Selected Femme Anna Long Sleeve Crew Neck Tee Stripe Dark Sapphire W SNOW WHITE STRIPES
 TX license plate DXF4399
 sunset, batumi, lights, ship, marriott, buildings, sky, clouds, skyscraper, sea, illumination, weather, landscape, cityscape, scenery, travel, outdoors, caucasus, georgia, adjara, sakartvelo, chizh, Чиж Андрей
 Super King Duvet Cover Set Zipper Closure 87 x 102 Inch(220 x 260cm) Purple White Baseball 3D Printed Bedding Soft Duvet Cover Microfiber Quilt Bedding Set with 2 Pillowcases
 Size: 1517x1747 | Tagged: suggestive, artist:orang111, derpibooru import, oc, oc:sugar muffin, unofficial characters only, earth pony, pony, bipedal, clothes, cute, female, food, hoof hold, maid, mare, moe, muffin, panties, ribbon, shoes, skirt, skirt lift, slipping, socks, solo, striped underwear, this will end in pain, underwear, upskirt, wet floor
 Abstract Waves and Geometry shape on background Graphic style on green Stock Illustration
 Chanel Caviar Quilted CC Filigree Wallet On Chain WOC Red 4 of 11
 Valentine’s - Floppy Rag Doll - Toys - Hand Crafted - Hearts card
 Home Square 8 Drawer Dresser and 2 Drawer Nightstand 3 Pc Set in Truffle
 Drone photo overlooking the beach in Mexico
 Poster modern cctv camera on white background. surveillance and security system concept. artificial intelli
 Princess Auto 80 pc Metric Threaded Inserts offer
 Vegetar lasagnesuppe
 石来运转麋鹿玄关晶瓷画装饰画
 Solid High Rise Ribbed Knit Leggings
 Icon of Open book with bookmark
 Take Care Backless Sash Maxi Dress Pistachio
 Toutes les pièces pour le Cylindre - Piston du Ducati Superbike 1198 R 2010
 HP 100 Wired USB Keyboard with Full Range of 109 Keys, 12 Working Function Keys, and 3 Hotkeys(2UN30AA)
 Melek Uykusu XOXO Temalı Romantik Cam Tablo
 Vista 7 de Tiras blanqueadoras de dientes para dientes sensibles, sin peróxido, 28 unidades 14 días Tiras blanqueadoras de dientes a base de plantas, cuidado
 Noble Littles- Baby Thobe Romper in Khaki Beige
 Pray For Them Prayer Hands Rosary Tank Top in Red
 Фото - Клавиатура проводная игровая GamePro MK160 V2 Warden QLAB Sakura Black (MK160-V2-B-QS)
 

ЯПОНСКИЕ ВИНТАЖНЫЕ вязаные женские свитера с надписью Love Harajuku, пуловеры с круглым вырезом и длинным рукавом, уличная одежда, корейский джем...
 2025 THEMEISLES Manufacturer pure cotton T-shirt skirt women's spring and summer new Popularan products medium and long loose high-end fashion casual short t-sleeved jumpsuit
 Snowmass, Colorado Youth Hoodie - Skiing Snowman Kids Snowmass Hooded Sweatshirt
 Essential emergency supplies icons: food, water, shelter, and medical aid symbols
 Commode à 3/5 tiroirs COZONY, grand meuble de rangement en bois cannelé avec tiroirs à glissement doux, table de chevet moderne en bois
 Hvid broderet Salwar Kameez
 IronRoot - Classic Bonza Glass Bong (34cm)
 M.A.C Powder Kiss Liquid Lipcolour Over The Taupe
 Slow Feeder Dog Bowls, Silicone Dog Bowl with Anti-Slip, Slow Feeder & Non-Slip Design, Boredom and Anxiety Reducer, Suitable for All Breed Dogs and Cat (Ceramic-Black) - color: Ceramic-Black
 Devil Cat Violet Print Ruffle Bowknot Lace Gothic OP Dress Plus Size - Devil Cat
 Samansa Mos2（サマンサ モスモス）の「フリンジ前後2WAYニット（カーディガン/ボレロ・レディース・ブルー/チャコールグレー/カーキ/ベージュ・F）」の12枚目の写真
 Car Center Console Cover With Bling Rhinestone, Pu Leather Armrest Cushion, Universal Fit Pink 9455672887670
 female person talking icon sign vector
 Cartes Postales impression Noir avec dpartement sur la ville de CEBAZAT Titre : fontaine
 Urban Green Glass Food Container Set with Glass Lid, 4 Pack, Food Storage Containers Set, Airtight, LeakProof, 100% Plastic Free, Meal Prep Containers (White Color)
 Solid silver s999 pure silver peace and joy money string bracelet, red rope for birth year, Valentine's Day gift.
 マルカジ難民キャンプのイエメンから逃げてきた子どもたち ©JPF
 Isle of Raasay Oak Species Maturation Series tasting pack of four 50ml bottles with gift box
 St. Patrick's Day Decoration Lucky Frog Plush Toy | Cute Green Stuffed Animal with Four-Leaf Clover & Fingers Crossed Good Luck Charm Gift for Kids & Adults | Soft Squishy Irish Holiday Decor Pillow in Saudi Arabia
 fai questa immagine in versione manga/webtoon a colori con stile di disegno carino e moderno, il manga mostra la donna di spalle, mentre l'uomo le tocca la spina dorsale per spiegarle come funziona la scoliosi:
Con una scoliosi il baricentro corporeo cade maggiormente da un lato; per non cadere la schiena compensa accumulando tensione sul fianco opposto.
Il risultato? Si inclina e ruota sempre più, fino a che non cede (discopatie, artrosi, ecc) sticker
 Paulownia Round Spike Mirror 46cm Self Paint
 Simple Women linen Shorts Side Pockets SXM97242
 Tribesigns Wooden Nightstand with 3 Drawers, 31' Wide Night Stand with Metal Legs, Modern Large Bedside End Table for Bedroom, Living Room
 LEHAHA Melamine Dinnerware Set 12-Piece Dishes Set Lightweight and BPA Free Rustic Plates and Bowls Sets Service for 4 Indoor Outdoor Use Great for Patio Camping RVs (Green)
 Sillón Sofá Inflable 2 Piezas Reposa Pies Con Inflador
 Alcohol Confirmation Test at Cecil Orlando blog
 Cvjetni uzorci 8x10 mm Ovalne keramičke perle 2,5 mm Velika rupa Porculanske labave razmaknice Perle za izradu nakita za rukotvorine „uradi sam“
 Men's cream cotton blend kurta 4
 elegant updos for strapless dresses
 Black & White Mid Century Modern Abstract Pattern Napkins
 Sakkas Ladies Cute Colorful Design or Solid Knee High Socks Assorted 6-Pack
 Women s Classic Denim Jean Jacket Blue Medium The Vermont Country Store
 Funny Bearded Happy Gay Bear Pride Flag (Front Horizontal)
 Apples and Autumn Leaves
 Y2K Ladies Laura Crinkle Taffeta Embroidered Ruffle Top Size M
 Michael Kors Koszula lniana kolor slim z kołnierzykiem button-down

.....

Give again exactly, and only, the lines above starting at the one with "Commode à 3/5" and ending at the one with "Devil Cat Violet".

• [Written reply]
 Commode à 3/5 tiroirs COZONY, grand meuble de rangement en bois cannelé avec tiroirs à glissement doux, table de chevet moderne en bois
 Hvid broderet Salwar Kameez
 IronRoot - Classic Bonza Glass Bong (34cm)
 M.A.C Powder Kiss Liquid Lipcolour Over The Taupe
 Slow Feeder Dog Bowls, Silicone Dog Bowl with Anti-Slip, Slow Feeder & Non-Slip Design, Boredom and Anxiety Reducer, Suitable for All Breed Dogs and Cat (Ceramic-Black) - color: Ceramic-Black
 Devil Cat Violet Print Ruffle Bowknot Lace Gothic OP Dress Plus Size - Devil Cat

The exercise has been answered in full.